The novel begins in darkness and in mystery. A voice, unknown, speaks of night and its people, the drinkers, the poets, the lovers, the banished and condemned (though for what and how and by whom we do not know). A voice, who we will later attach to the text’s central enigma—a singer, dancer, prisoner, and erstwhile assassin—speaks to another figure whose name the novel here withholds. We know he, the second figure, has a Turkish friend, that he desires beauty. We know his beliefs—a prison of ideas comprising of strength and bravery and triumph, glory and wealth. We know that the voice sees through this shroud of conviction because the man is here, concealed in the night, in the “glistering uncertainty of darkness.” What the man really wants is possibility, unboundedness, an end not to doubt, but to the pains and limitations of his experience.

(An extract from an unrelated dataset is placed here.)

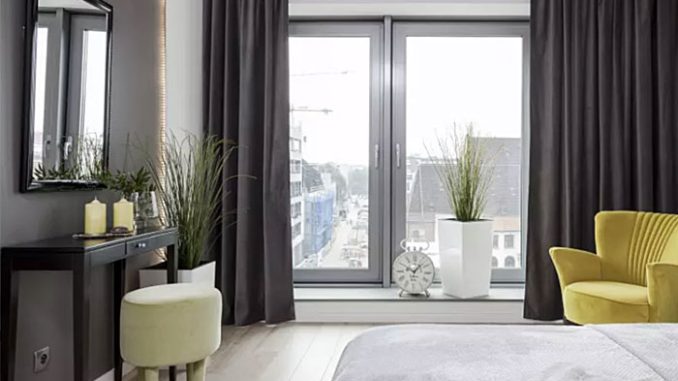 Raamdecoratie die een kleine slaapkamer groter en lichter laat lijken - Pax raamdecoratie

The novel never reveals the voice’s name. The man is Michelangelo Buonarroti.
Mathias Énard’s Tell Them of Battles, Kings, and Elephants, translated by the ever-superb Charlotte Mandell, imagines a version of history in which the most celebrated artist of Renaissance Italy flees his native country and arrives at the court of Bayezid II, Sultan of the Ottoman Empire. His purpose there is to plan and supervise the construction of a massive feat of engineering—a bridge across the Golden Horn, linking Constantinople with Pera. The task, already attempted by “the immense” Leonardo da Vinci, whose design the Sultan found “rather ugly, despite its lightness,” would have been the crowning achievement of the young Michelangelo’s career, an undertaking to rival any of his architectural works back in Italy.

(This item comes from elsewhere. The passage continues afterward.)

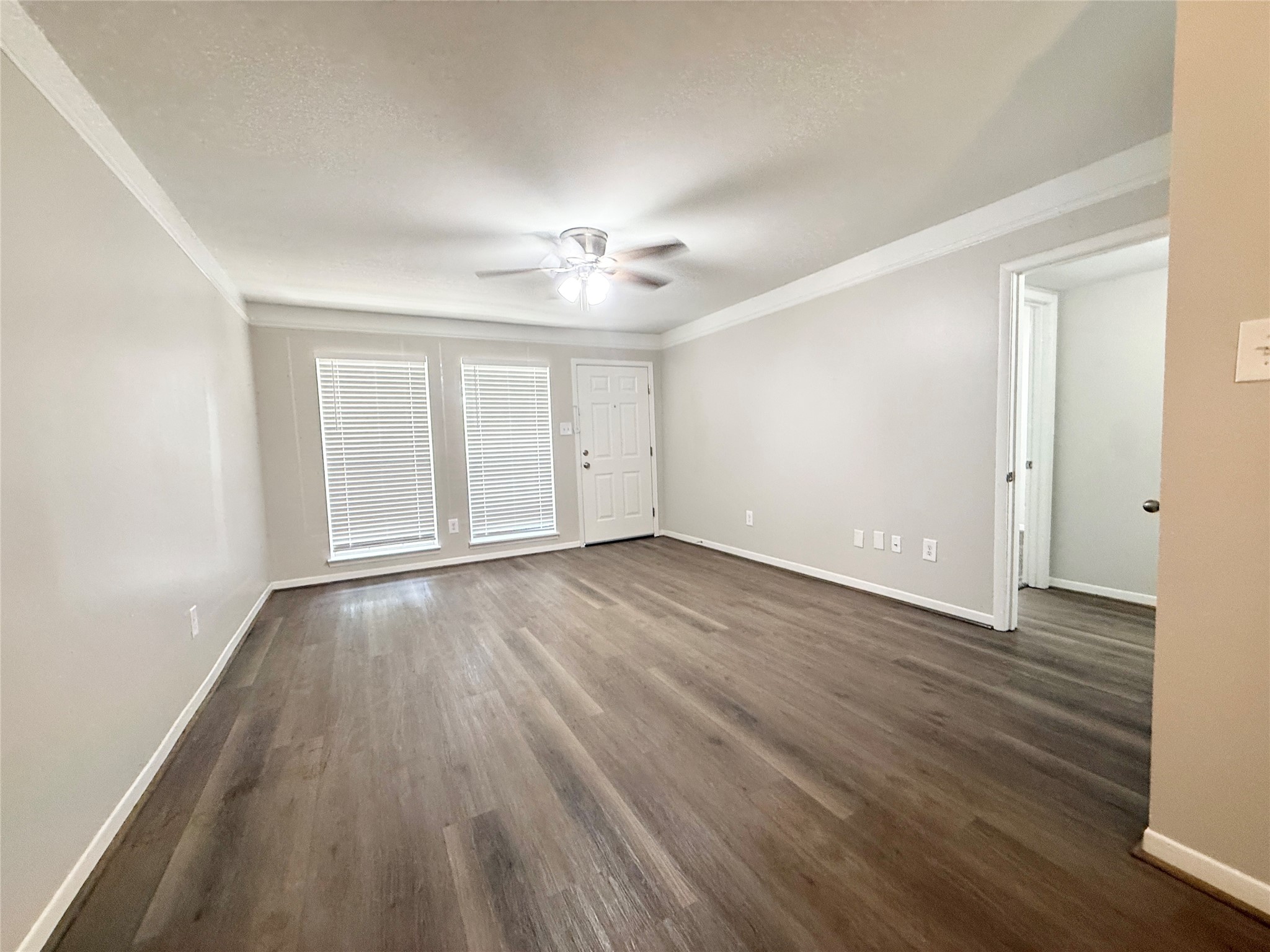 500 Willow Drive B6 Property Photo 2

In truth, this journey almost happened.
We know that at the end of April of 1506, while struggling to begin work on Pope Julius II’s tomb, Michelangelo and the pontiff fought bitterly. The record is unclear as to the cause, but it was either due to a lack of funding for materials or, less likely, on account of a screaming fit the artist pitched from atop his scaffolding, unaware that the functionary he was browbeating below was the Pope himself. Whatever the reason, we know that Michelangelo went hastily from Rome to the north, seeking protection from Piero Soderini, the Gonfaloniere of Florence. In a letter dated the second of May, Michelangelo wrote to the architect Giuliano da Sangallo: “I had cause to think that if I remained in Rome, my own tomb would be sooner made than the Pope’s.”

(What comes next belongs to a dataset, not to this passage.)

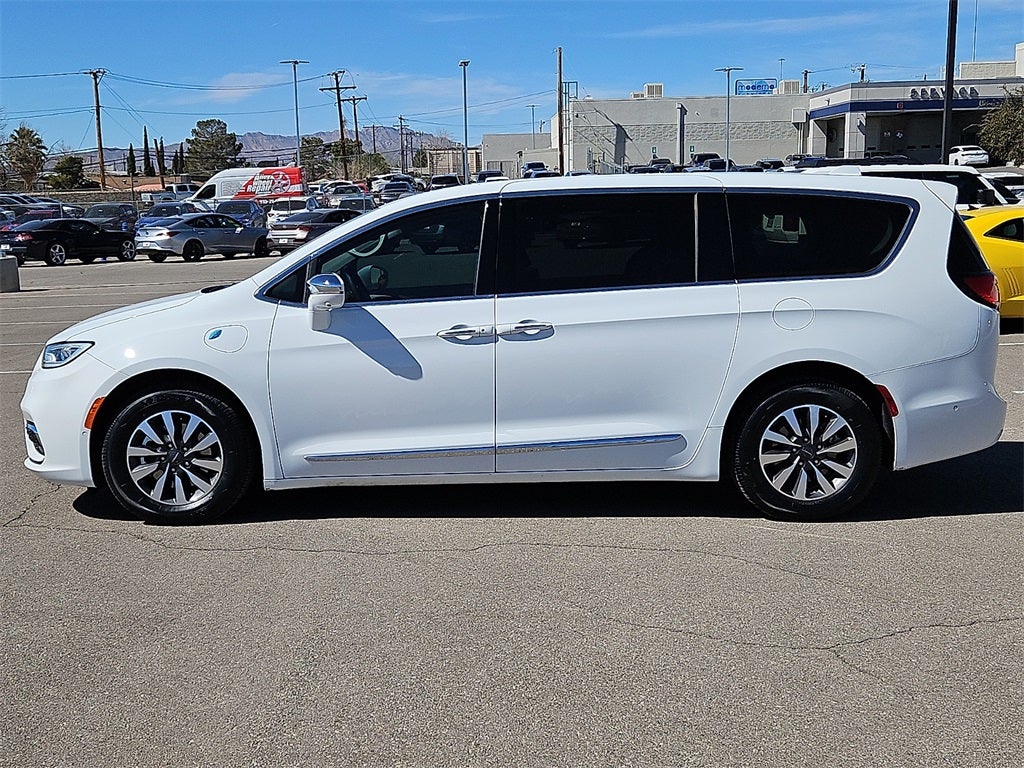 2022 Chrysler Pacifica Hybrid Limited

And so ensconced in Florence—during which time Michelangelo kept himself busy with a sequence of lesser accomplishments, primarily concerned with the adornment of the city’s Great Hall—the artist fell into what Martin Gayford, author of Michelangelo: His Epic Life, calls a “highly wrought state.” He brawled, was banned from certain neighborhoods, and, according again to Gayford, allegedly performed an unsanctioned dissection of a corpse belonging to a member of the powerful Corsini family. This he undertook, in the words of Soderini, “to add to his art.”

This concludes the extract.